*Assigned task*: Give again exactly, and only, the lines between the line holding "Офис в Коми, Сыктывкар" and the end of the listing, both boundary lines included.

*Records shown*:
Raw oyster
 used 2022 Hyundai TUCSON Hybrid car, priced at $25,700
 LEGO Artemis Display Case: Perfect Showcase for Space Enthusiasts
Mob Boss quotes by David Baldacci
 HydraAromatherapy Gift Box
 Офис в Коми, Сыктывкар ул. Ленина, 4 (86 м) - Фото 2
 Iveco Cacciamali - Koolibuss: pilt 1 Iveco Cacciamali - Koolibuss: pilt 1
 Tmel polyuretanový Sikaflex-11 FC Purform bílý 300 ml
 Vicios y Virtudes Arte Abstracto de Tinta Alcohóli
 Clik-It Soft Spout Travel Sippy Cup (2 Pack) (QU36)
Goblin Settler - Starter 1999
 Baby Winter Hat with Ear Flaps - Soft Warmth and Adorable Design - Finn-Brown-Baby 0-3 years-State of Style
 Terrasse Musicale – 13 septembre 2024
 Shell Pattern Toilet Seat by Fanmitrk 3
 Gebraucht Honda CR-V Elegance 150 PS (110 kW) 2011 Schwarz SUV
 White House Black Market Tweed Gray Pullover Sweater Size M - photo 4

*Output below*:
 Офис в Коми, Сыктывкар ул. Ленина, 4 (86 м) - Фото 2
 Iveco Cacciamali - Koolibuss: pilt 1 Iveco Cacciamali - Koolibuss: pilt 1
 Tmel polyuretanový Sikaflex-11 FC Purform bílý 300 ml
 Vicios y Virtudes Arte Abstracto de Tinta Alcohóli
 Clik-It Soft Spout Travel Sippy Cup (2 Pack) (QU36)
Goblin Settler - Starter 1999
 Baby Winter Hat with Ear Flaps - Soft Warmth and Adorable Design - Finn-Brown-Baby 0-3 years-State of Style
 Terrasse Musicale – 13 septembre 2024
 Shell Pattern Toilet Seat by Fanmitrk 3
 Gebraucht Honda CR-V Elegance 150 PS (110 kW) 2011 Schwarz SUV
 White House Black Market Tweed Gray Pullover Sweater Size M - photo 4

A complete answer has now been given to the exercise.